BEGIN DATA SHOWN

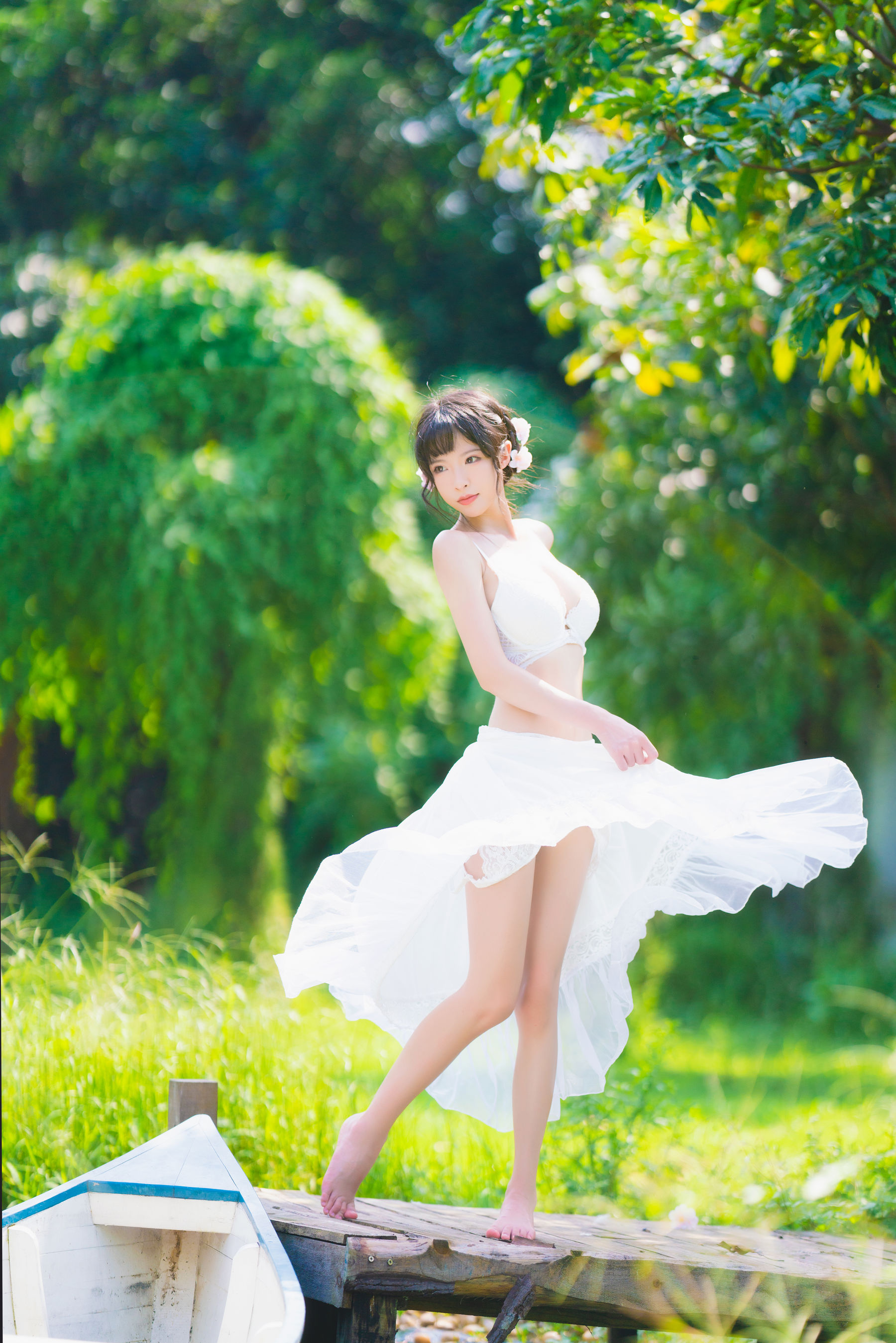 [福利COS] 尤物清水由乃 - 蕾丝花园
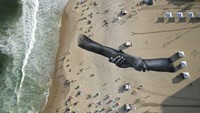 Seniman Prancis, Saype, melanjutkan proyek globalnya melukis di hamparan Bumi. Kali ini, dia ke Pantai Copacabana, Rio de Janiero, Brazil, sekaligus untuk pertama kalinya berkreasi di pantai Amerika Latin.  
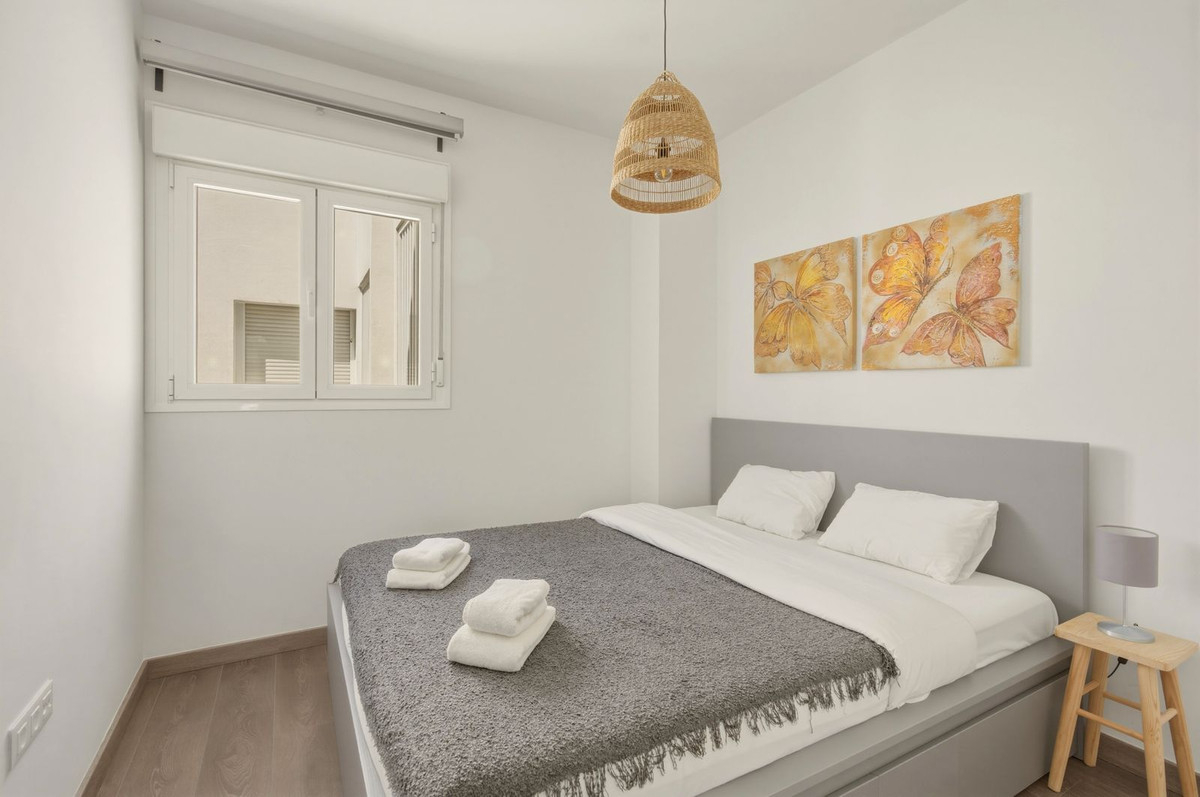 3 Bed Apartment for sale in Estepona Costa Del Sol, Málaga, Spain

END DATA SHOWN
BEGIN DATA SHOWN

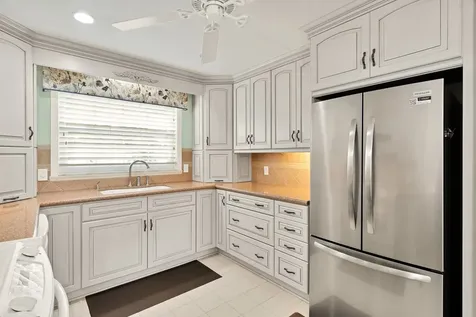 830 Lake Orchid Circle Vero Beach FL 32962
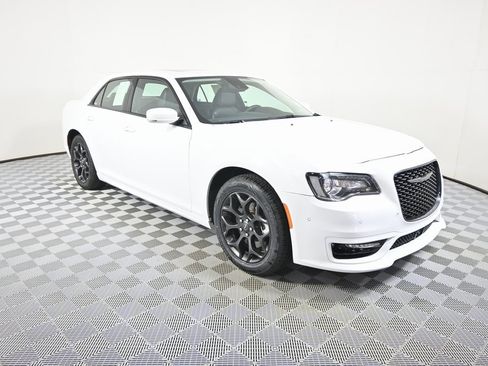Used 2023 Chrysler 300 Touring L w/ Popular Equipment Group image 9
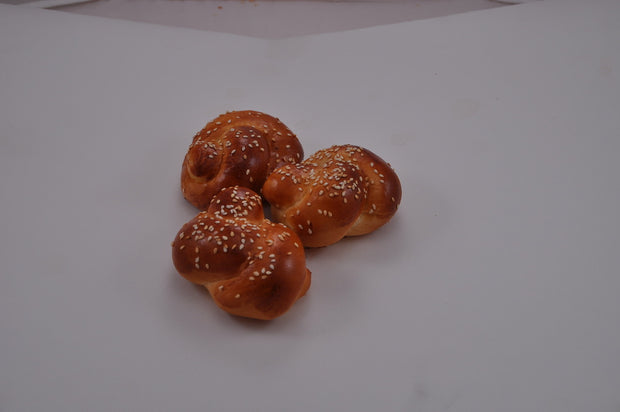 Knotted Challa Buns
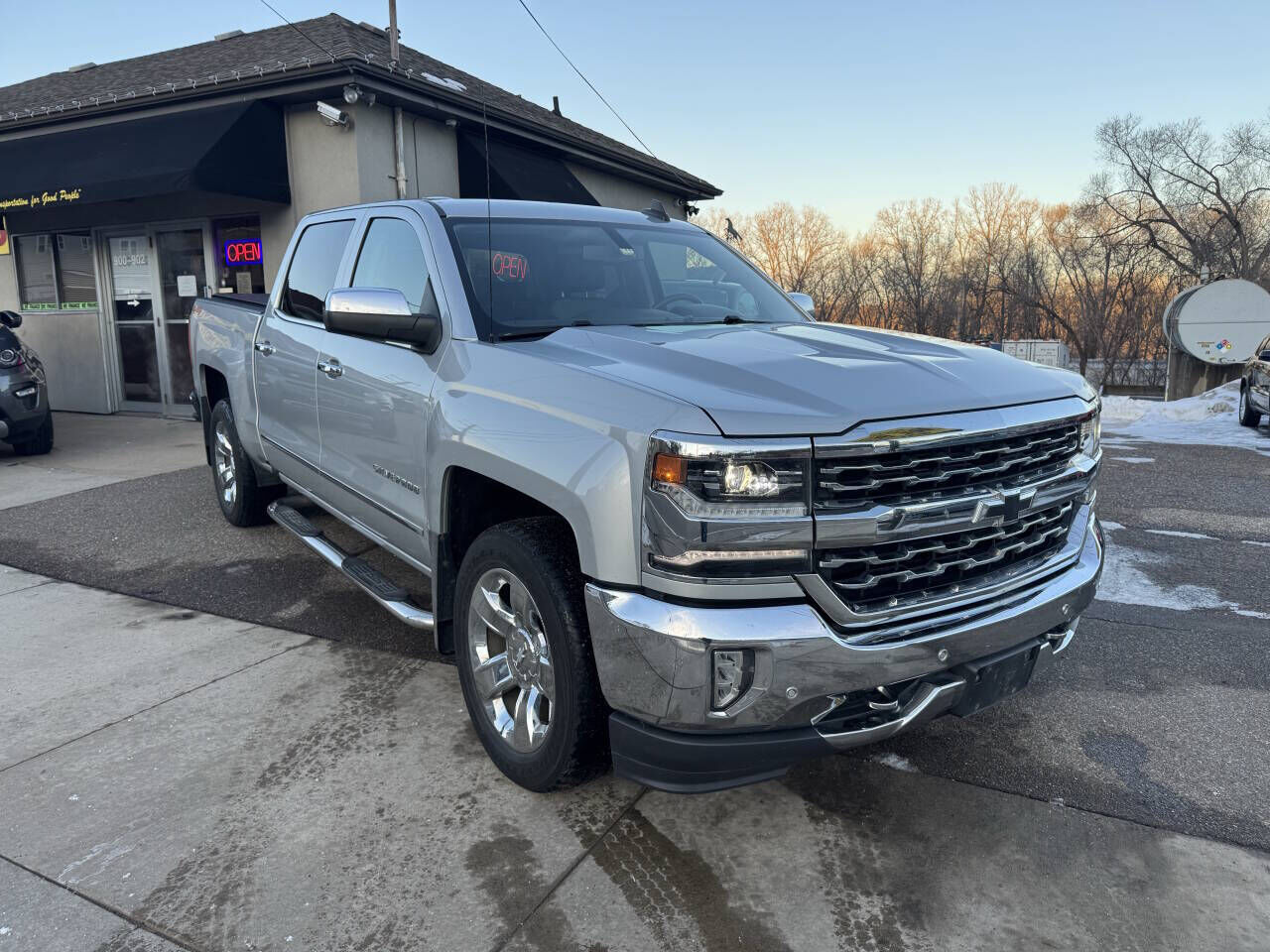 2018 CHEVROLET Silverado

END DATA SHOWN
BEGIN DATA SHOWN

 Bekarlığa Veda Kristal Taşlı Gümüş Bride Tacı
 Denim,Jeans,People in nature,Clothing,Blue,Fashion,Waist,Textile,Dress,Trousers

END DATA SHOWN

#### WORK TO BE COMPLETED
In the records above, find the line containing "Seniman Prancis, Saype, melanjutkan" and the line containing "3 Bed Apartment", then give both of them again word for word along with every line between. Omit any pictures.

#### OUTPUT FOR THIS EXERCISE
 Seniman Prancis, Saype, melanjutkan proyek globalnya melukis di hamparan Bumi. Kali ini, dia ke Pantai Copacabana, Rio de Janiero, Brazil, sekaligus untuk pertama kalinya berkreasi di pantai Amerika Latin.  
 3 Bed Apartment for sale in Estepona Costa Del Sol, Málaga, Spain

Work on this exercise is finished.